Nisha est une jeune femme sri-lankaise. Elle a perdu son mari dans un accident de mine et se voit contrainte de s’expatrier pour trouver un travail lui permettant de nourrir sa mère et sa fille de deux ans. Lourdement endettée auprès d’une agence d’emploi, elle arrive à Nicosie, dans la partie grecque de cette ville partagée en deux par «la ligne verte» qui la sépare de la Turquie. Elle y sera au service de Petra une femme enceinte, veuve elle aussi depuis quelques mois, et qui toute à sa douleur, lui abandonne aussitôt la gestion de la maison et l’éducation de sa fille.
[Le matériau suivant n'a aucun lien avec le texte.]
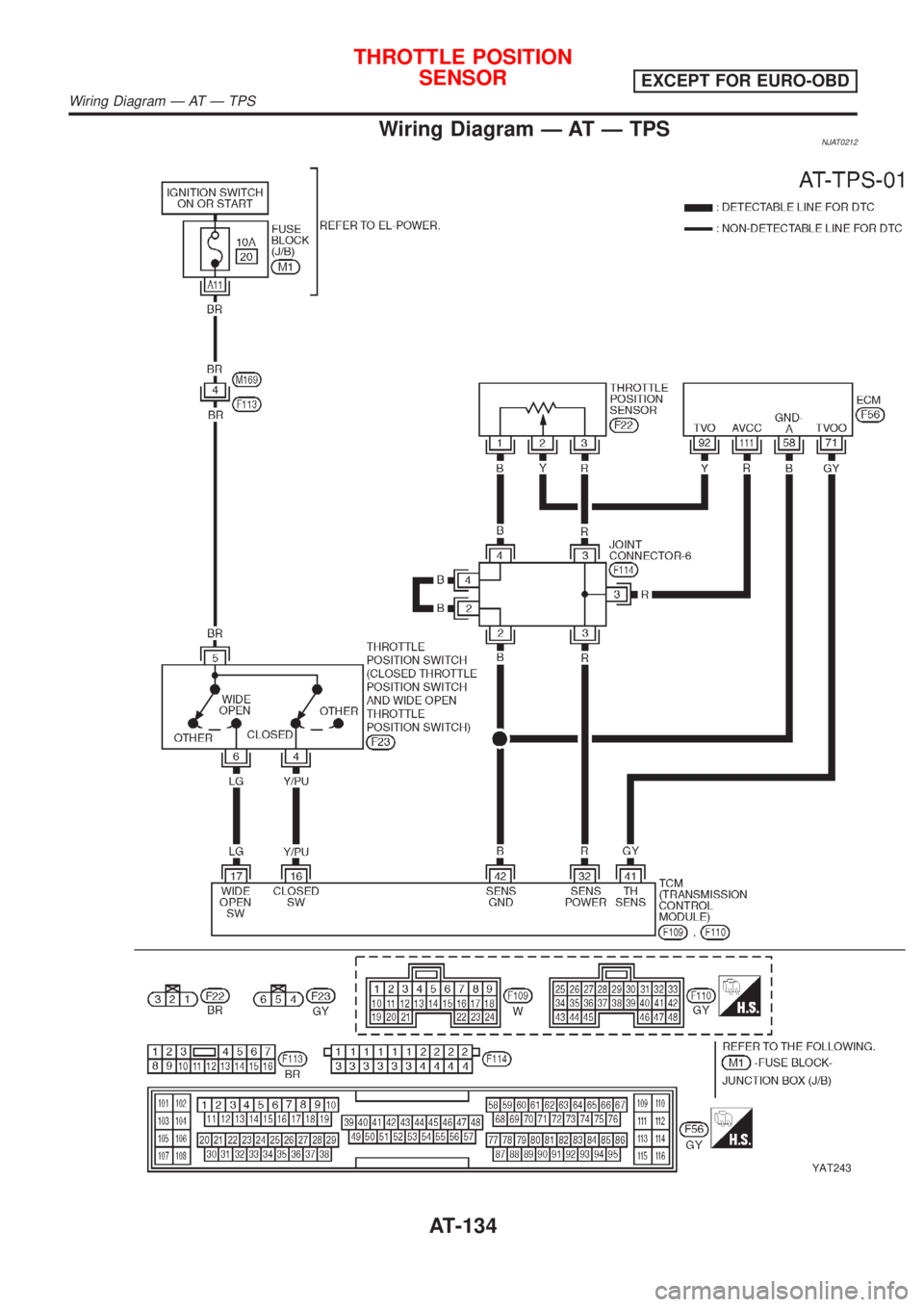 NISSAN ALMERA N16 2001 Electronic Repair Manual Wiring Diagram Ð AT Ð TPSNJAT0212
YAT243
THROTTLE POSITION
SENSOR
EXCEPT FOR EURO-OBD
Wiring Diagram Ð AT Ð TPS
AT-134 NISSAN ALMERA N16 2001 Electronic Repair Manual Wiring Diagram Ð AT Ð TPSNJAT0212
YAT243
THROTTLE POSITION
SENSOR
EXCEPT FOR EURO-OBD
Wiring Diagram Ð AT Ð TPS
AT-134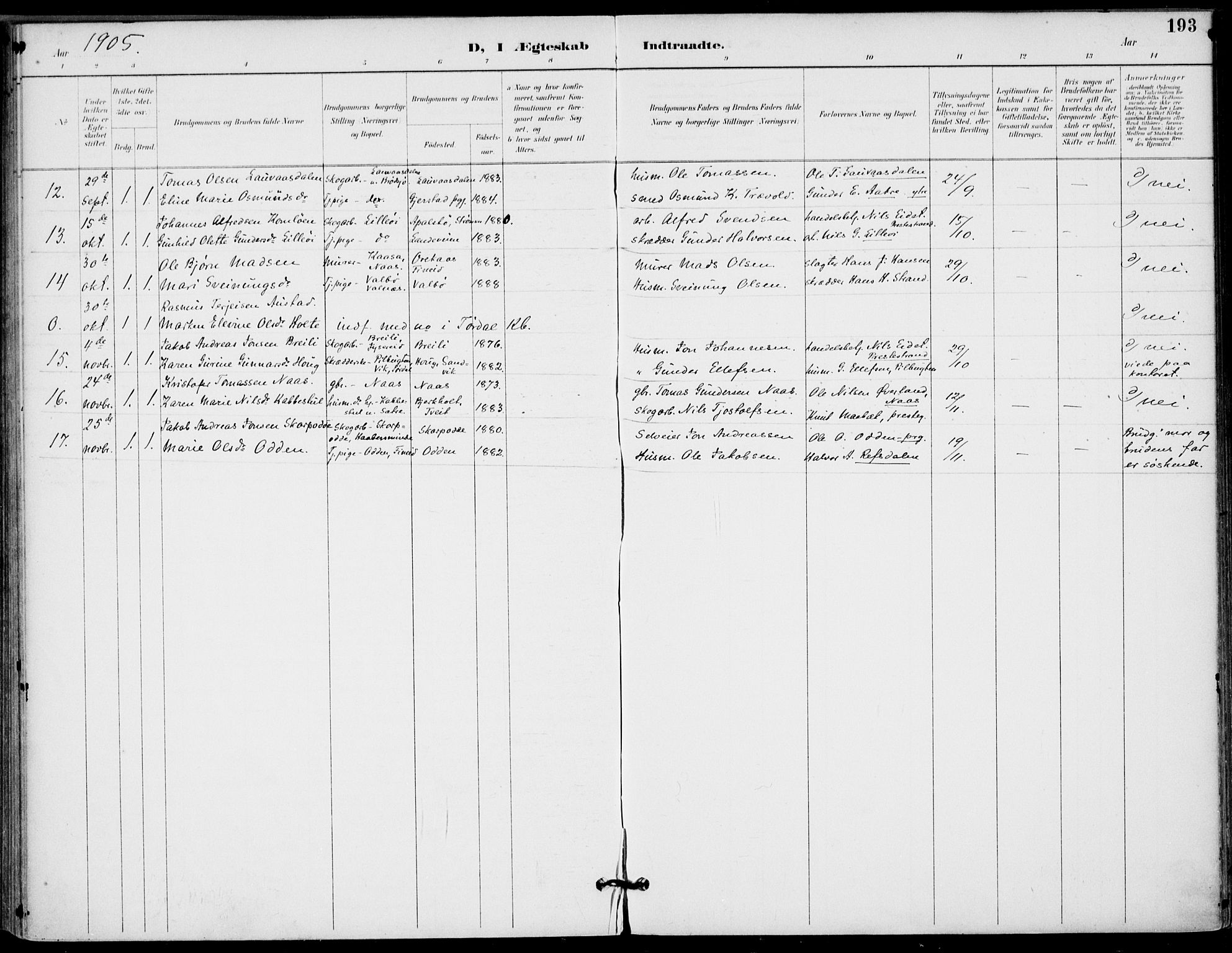 Drangedal kirkebøker, SAKO/A-258/F/Fa/L0012: Parish register (official) no. 12, 1895-1905, p. 193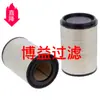 Filtro de aire para camión de suministro 1387549 Aem2832 P781740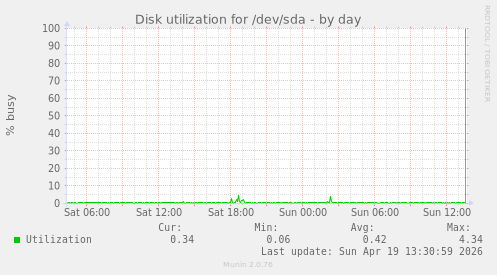 Disk utilization for /dev/sda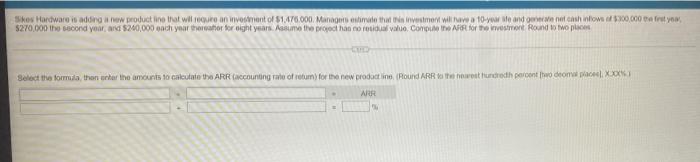 Sikes Hardware is adding a new product line that will require an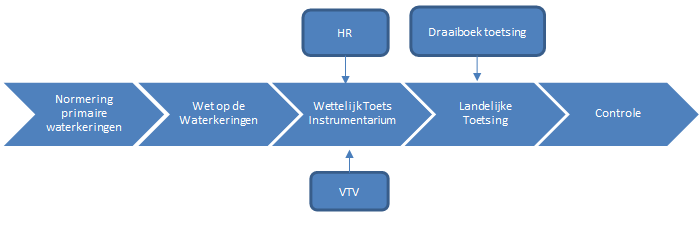 Figuur 12 Landelijke toetsing (Directoraat-Generaal Water (A), 2007) 8.2 CONSTRUCTIEVE EN TECHNISCHE EISEN Uitleg Primaire water zijn ontworpen op vastgelegde constructieve en technische eisen.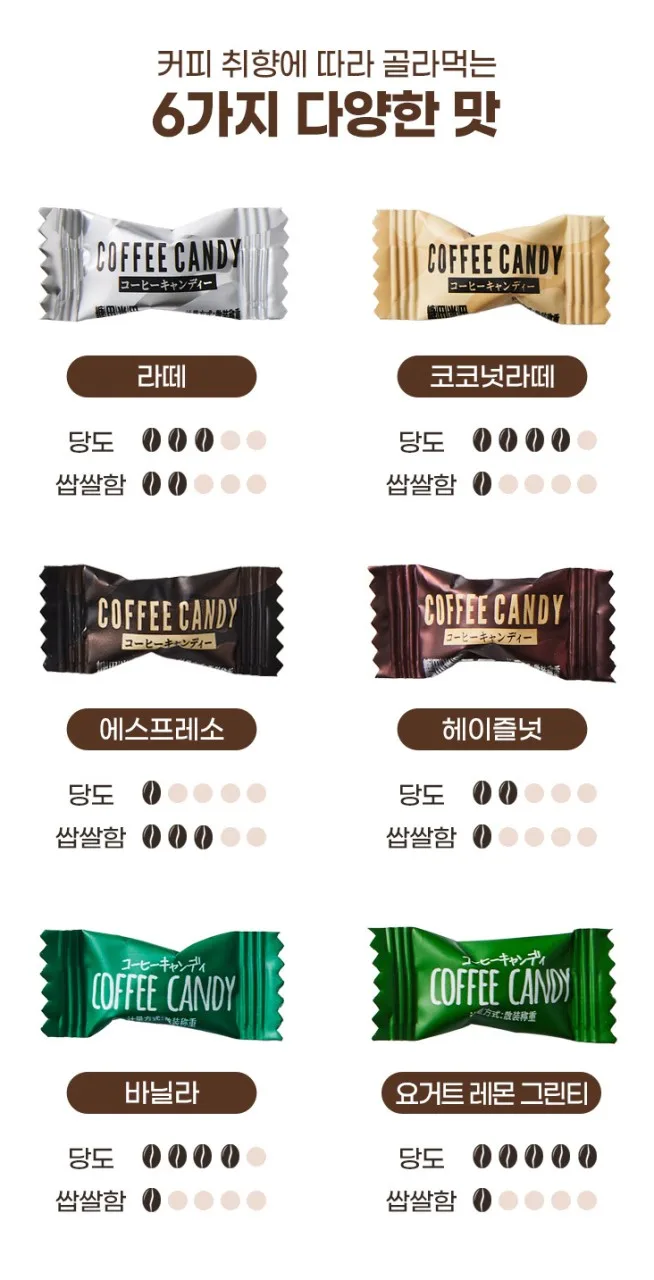 상품코드 : LC009 타미티미 씹어먹는 커피콩 캔디 사탕 300g
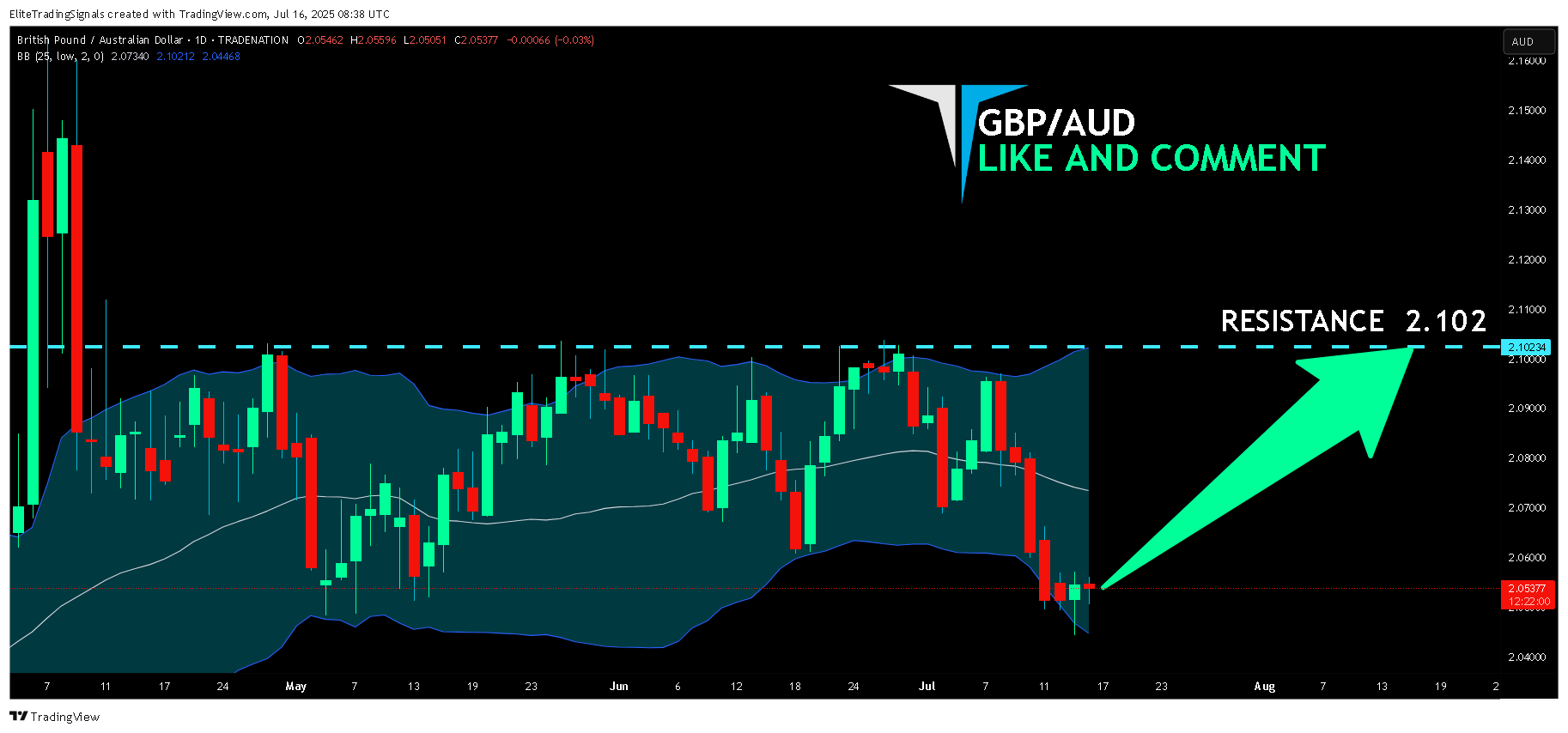 TRADENATION:GBPAUD Chart Image by EliteTradingSignals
Elle dispose de peu de liberté et de loisirs mais son naturel la fait aimer de tous y compris de Yiannis locataire du premier étage de la maison.
Ancien banquier ruiné par la crise financière de 2008, Yiannis s’est laissé entraîner, pour survivre, dans le braconnage et le commerce lucratif des oiseaux chanteurs Il est donc sous la totale dépendance de la puissante mafia organisatrice de ce trafic. Les deux jeunes gens sont ainsi comme les petits oiseaux, piégés et empêtrés dans une glu dont ils ne peuvent se libérer. Mais ils sont amoureux l’un de l’autre. Yiannis la demande en mariage… et Nisha disparaît le lendemain…
Petra et Yiannis bouleversés par cette disparition inexplicable mènent de concert leur enquête, les policiers se désintéressant ostensiblement du sort d’une immigrée. L’un et l’autre s’interrogent, se culpabilisent. Petra découvre qu’elle ignorait tout de Nisha et de ses congénères «je commençais à regarder ces femmes d’un nouvel œil… Elles étaient invisibles pour moi avant la disparition de Nisha». Ils apprennent alors que quatre autres employées de maison ont disparu tout aussi mystérieusement…
Une histoire très touchante, racontée tour à tour du point de vue de Petra et de Yiannis. Dans une adresse au lecteur, à la fin de l’ouvrage, Christy Lefteri nous invite à laisser résonner en nous «en écho», «la voix de Nisha» et à «apprendre à voir chaque être humain comme nous nous voyons nous-mêmes».